Re: Q: ISSUE-42 bNode semantics from Richard Cyganiak on 2011-05-22 (public-rdb2rdf-wg@w3.org from May 2011)

From: Richard Cyganiak <richard@cyganiak.de>
Date: Sun, 22 May 2011 20:52:21 +0100
To: Enrico Franconi <franconi@inf.unibz.it>
Cc: W3C RDB2RDF <public-rdb2rdf-wg@w3.org>
Message-Id: <BA6D597E-5E2A-4E3D-B6E4-72C87B951546@cyganiak.de>
On 22 May 2011, at 18:44, Enrico Franconi wrote:
>> Both of these omit the really interesting case of equality tests (WHERE col1=col2 in SQL; FILTER(?col1=?col2) in SPARQL).
> 
> No. CQs (or SPJ queries) *do* include joins - namely equality.

I meant that col1 and col2 are in the same table. That's not a join, it's a selection in relational algebra terms.

>> The thing is that NULL=NULL is not true in SQL, but "NULL^^rdb2rdf:null="NULL^^rdb2rdf:null is true in SPARQL. (The translation in the wiki is incorrect for this case.)
> 
> That's exactly my argument. And that's why I introduce in the wiki the (?X ≠ NULL) conjunct to let things behave well again. It can be proved that this is enough to recover correctness and completeness in the case of SPJ.

Adding a (?x != "NULL"^^rdb2rdf:null) condition on join variables makes the joins work, but not equality constraints in the general case. You have to re-implement SQL's 3VL to make the general case work.
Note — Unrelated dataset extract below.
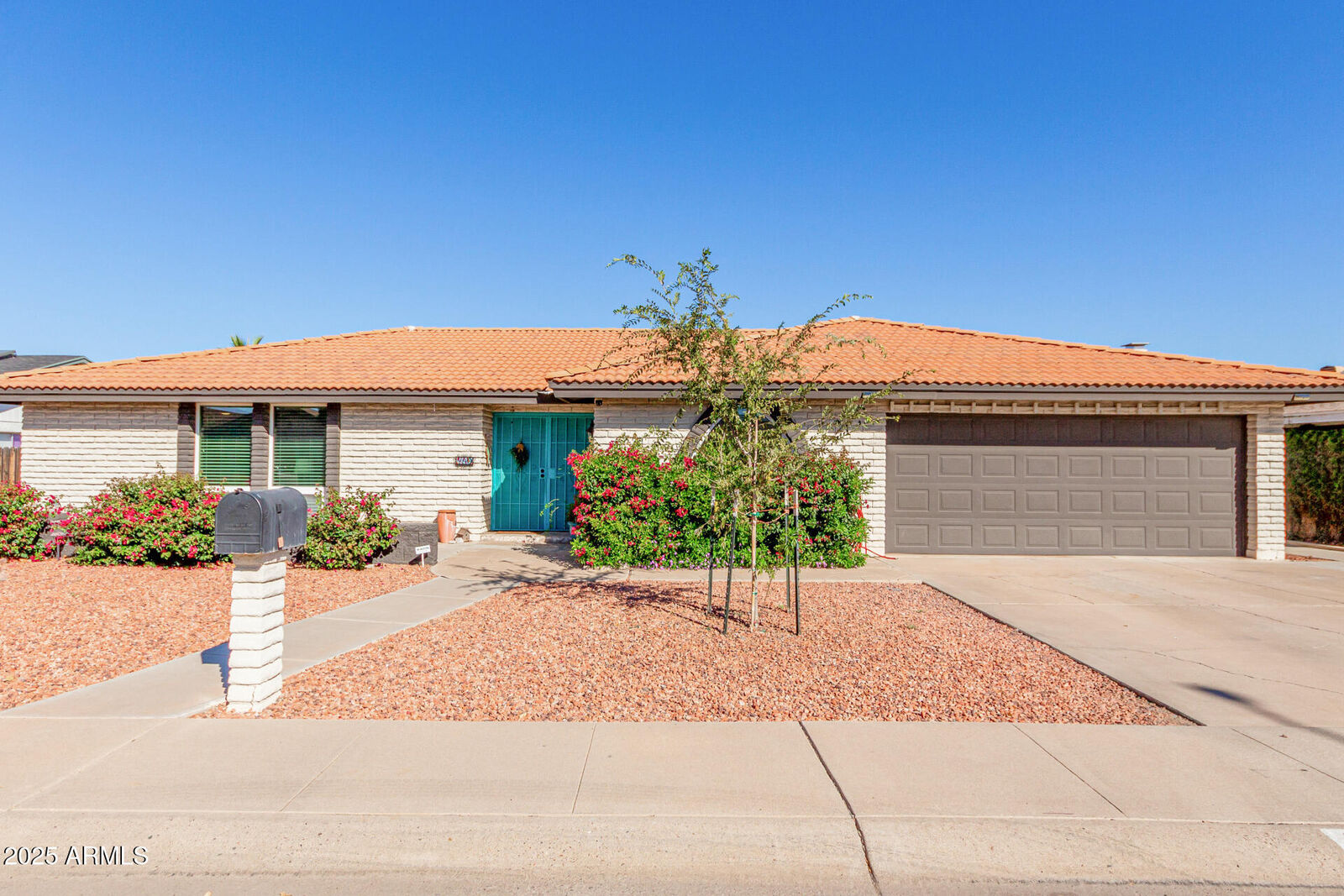 Property Photo:  440 W Ironwood Drive  AZ 85225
That might well be possible, but it's certainly a bit more complicated than what you have shown so far.

>> The non-null-preserving RDB-to-RDF translation (with a naive query translation) *is* complete and correct for query answering, if one considers only QA over BGPs using SPARQL semantics. (Because where SQL selection semantics allows null values in query results, BGP matching semantics simply rejects such tuples.)
> 
> I also believe this is true (on the basis that a null being an absent value corresponds to a failure of the join), but the whole point is that it doesn't scale up when you make the query language slightly more expressive than CQs (or BGPs) in absence of schema information *and* peculiar translation of the queries. See in the wiki my example with MINUS.
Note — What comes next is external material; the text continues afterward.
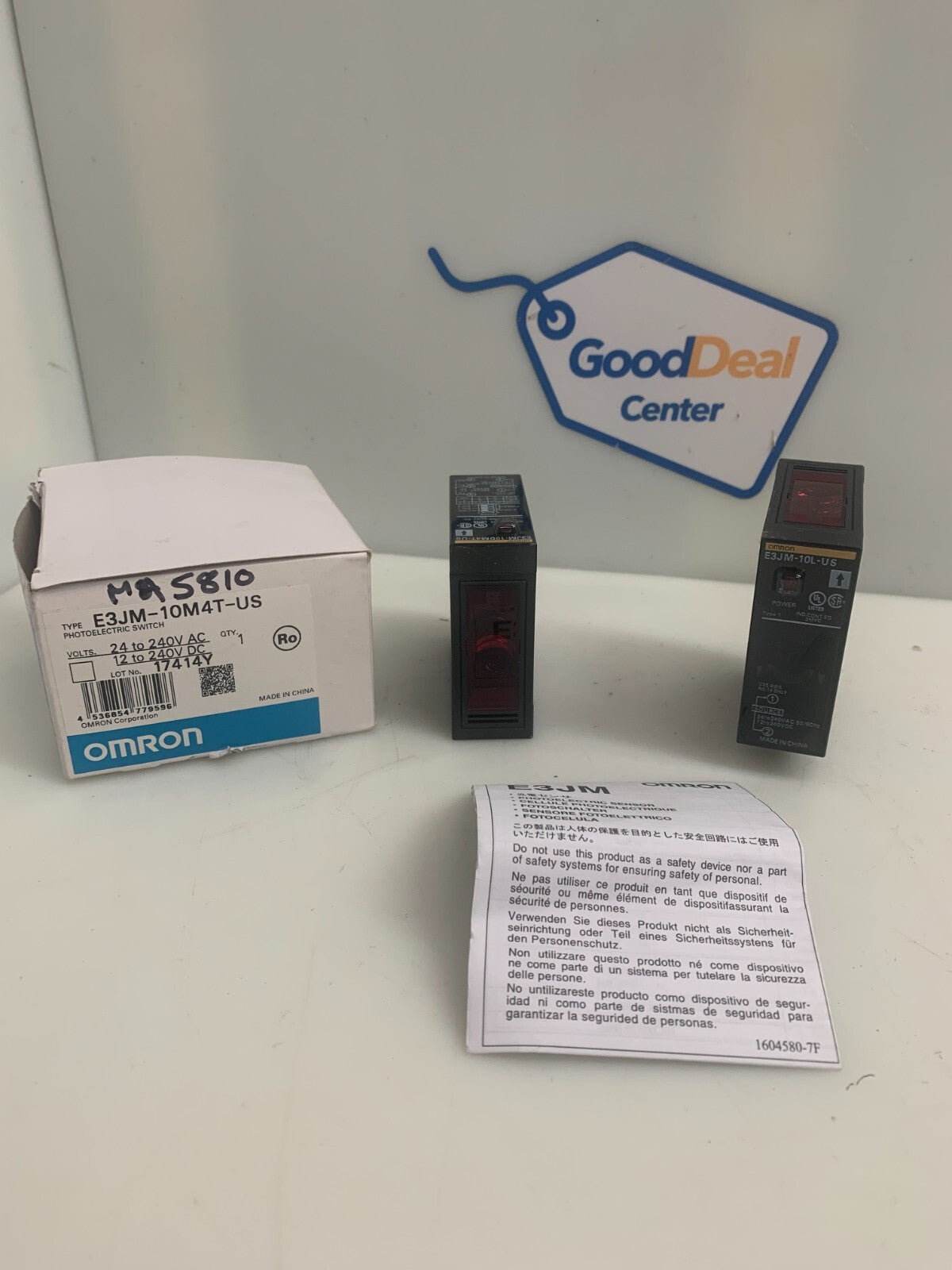 OMRON  Photoelectric Switch   E3JM-10M4T-US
I don't know what you mean here. BGP matching doesn't include MINUS. Neither does SPARQL (at least in 1.0). SPARQL 1.0 has !BOUND, which is easily translated to SQL.

>> I believe that it the non-null-preserving translation, in the presence of schema information, is actually correct and complete for all of SPARQL 1.0.
> 
> That's the tricky bit: "in the presence of schema information"

I don't see why that's tricky -- to map the data, you need schema information anyway; and I don't see how you can translate “SELECT * FROM table1” to SPARQL without schema information either.

> (and I add *and* peculiar translation of the queries).

Sure.

> Maybe yes, maybe not. Personally, I'd try not to reinvent the hot water, and I'd go through the same route as SQL, since this is exactly what we are mapping from.

We are mapping the *data* from relational to RDF. But mapping the *queries* from SPARQL to SQL makes more sense because that is what implementers actually need.

>> I think this can be shown using the literature on SPARQL-to-SQL translation, e.g., [1][2][3].
> 
> Please tell me exactly where to look at.

[1] is a good place to start. It shows how to map all of SPARQL to equivalent SQL queries. It assumes a single-table three-column s,p,o database though, rather than the traditional domain database schemas we are considering here, so it would need some examination on how to adapt it to this 

>> If we had to chose between basing the criteria for correctness on SPARQL (BGP matching) semantics or SQL semantics (like in the proposal on the wiki), then I would argue that SPARQL is more appropriate.
> 
> I don't understand what are you saying here. The correctness is about the QA problem, which involves both SQL and SPARQL.

SQL semantics includes NULL. SPARQL semantics doesn't -- it just has unbound which works differently. Therefore, when translating SPARQL to SQL, dealing with the issue of NULL is easier. Add an IS NOT NULL whenever a variable is bound, and COALESCE on join variables that could potentially be unbound, and that should cover everything.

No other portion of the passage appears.